REQUIREMENT =
Omit all pictures. Quote the lines from the one with "Akustikpanel IMAGE, Morgennebel, Teil" through the end of the listing below, exactly as they appear.
------------------------------------
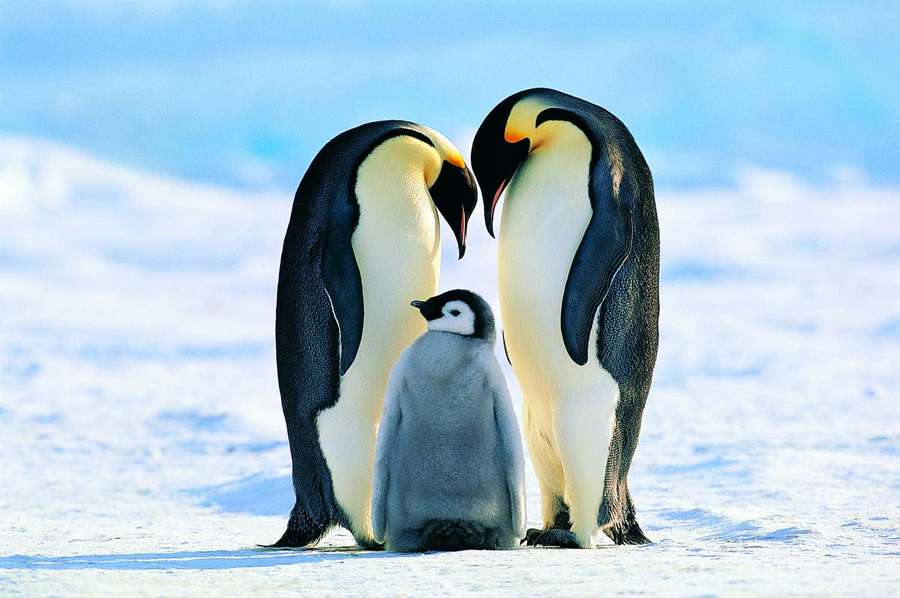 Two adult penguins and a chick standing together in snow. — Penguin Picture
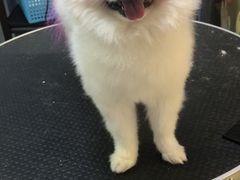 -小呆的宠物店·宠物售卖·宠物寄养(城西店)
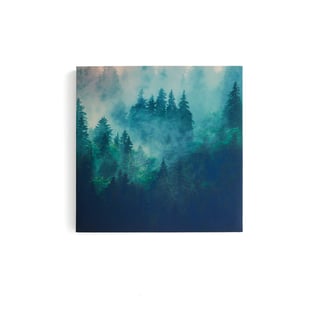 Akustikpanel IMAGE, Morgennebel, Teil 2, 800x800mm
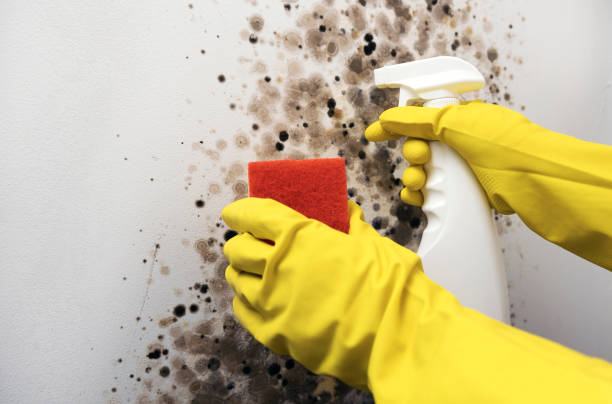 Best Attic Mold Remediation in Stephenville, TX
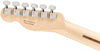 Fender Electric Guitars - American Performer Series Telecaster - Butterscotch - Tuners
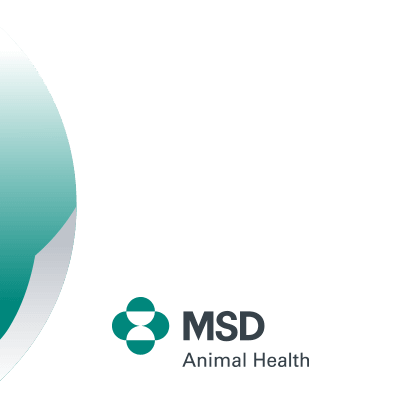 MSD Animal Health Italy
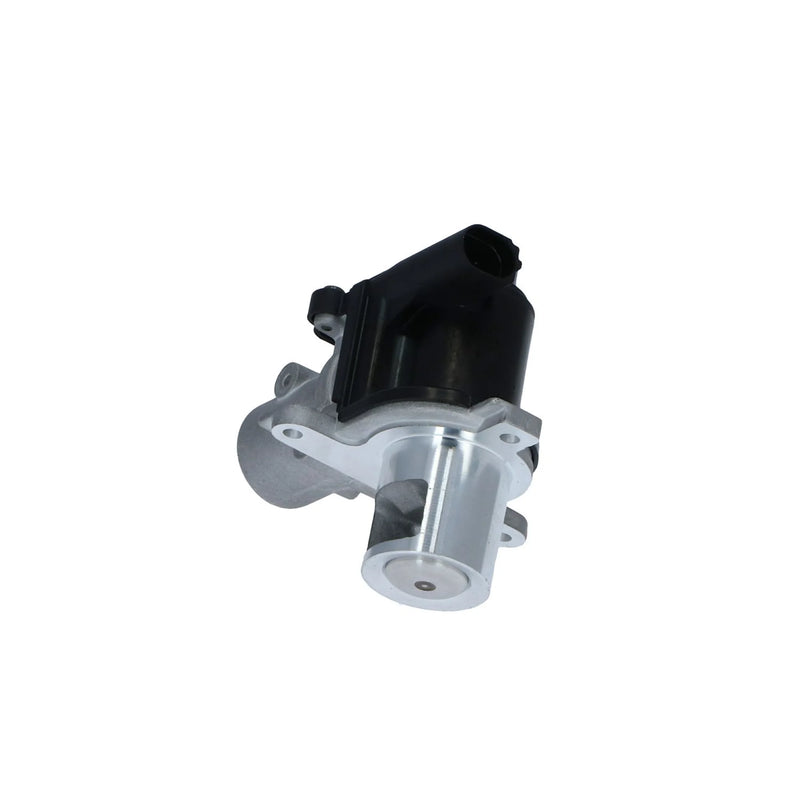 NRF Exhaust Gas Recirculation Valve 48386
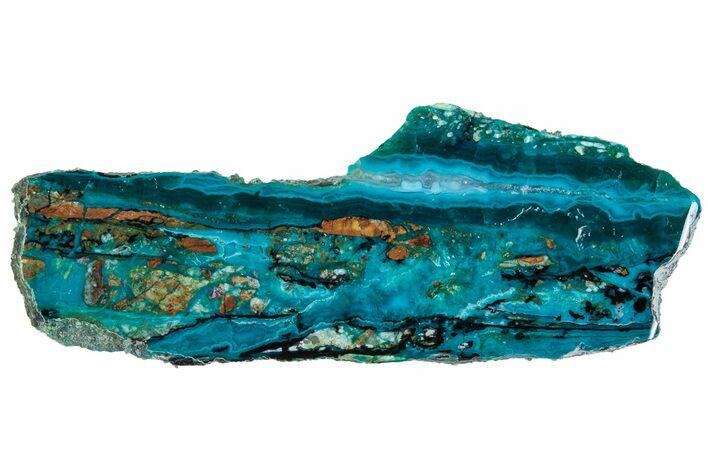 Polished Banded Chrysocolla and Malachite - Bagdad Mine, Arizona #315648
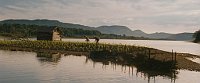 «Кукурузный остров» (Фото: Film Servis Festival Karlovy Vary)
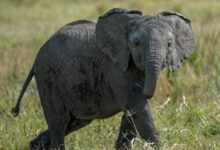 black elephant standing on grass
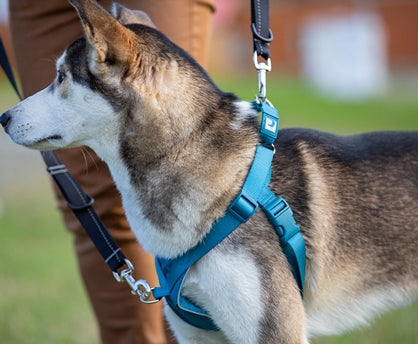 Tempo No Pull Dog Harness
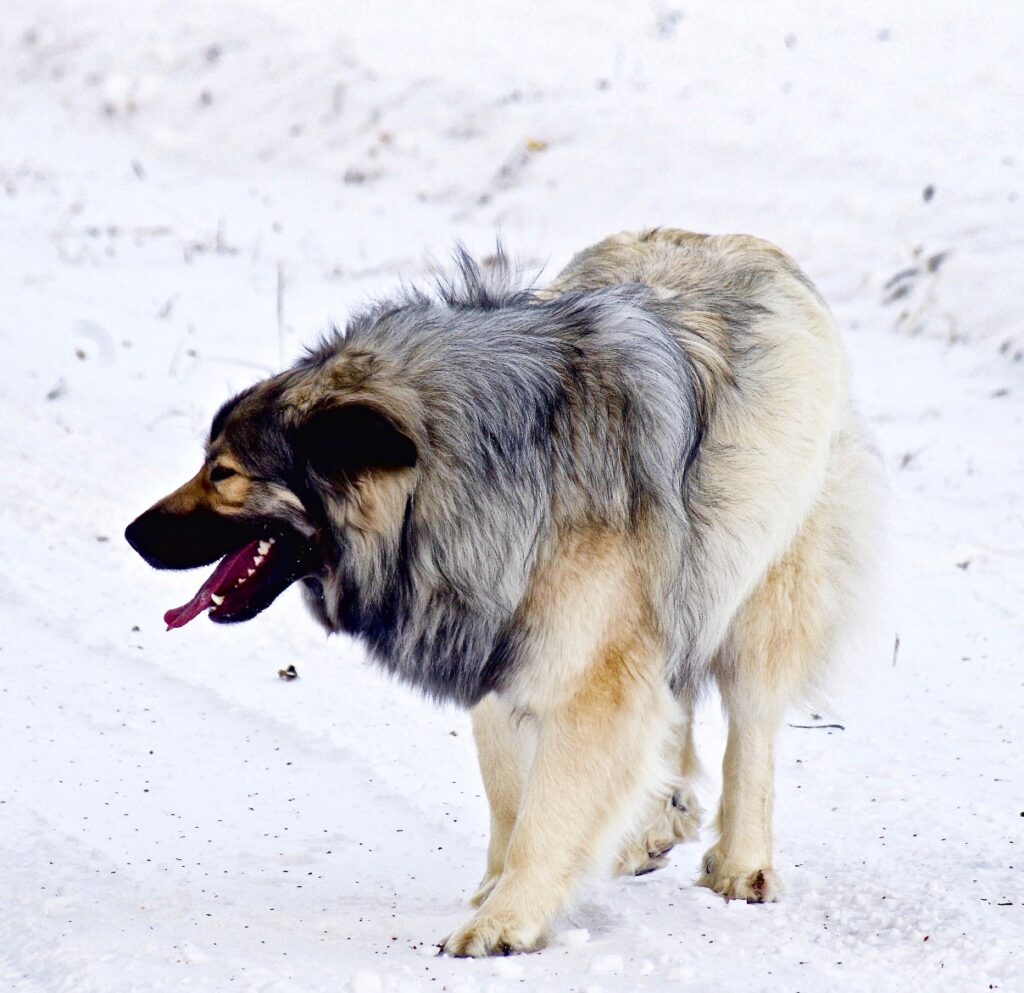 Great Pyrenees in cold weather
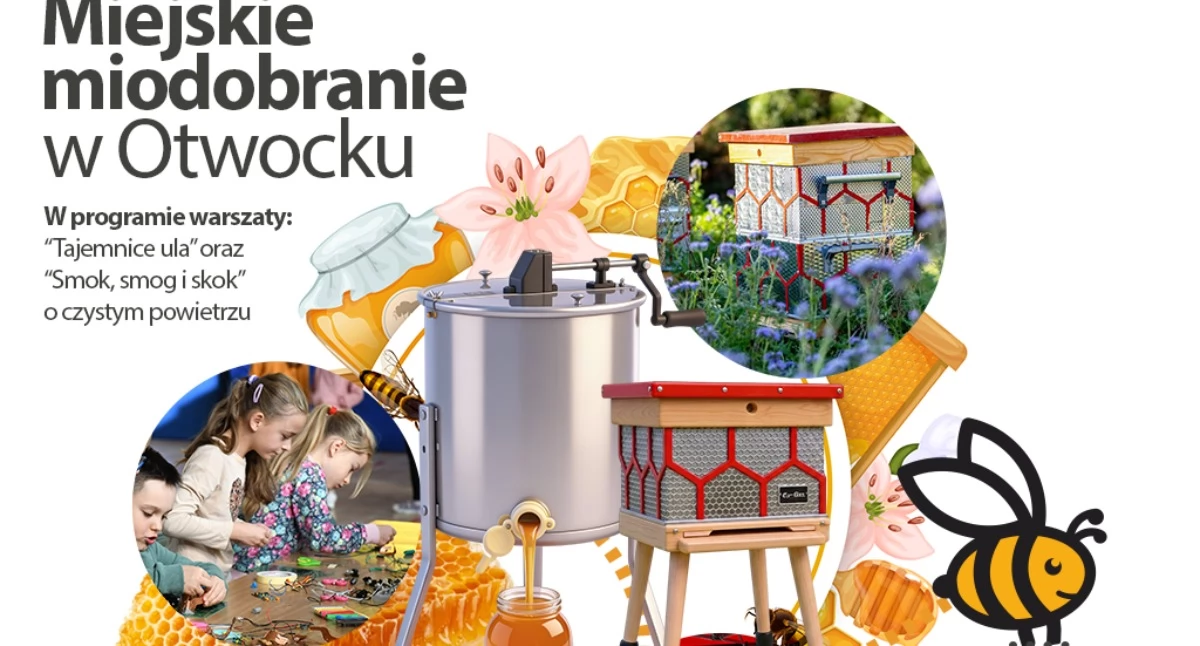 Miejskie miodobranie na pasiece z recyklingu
------------------------------------
EXPECTED OUTPUT =
 Akustikpanel IMAGE, Morgennebel, Teil 2, 800x800mm
 Best Attic Mold Remediation in Stephenville, TX
 Fender Electric Guitars - American Performer Series Telecaster - Butterscotch - Tuners
 MSD Animal Health Italy
 NRF Exhaust Gas Recirculation Valve 48386
 Polished Banded Chrysocolla and Malachite - Bagdad Mine, Arizona #315648
 «Кукурузный остров» (Фото: Film Servis Festival Karlovy Vary)
 black elephant standing on grass
 Tempo No Pull Dog Harness
 Great Pyrenees in cold weather
 Miejskie miodobranie na pasiece z recyklingu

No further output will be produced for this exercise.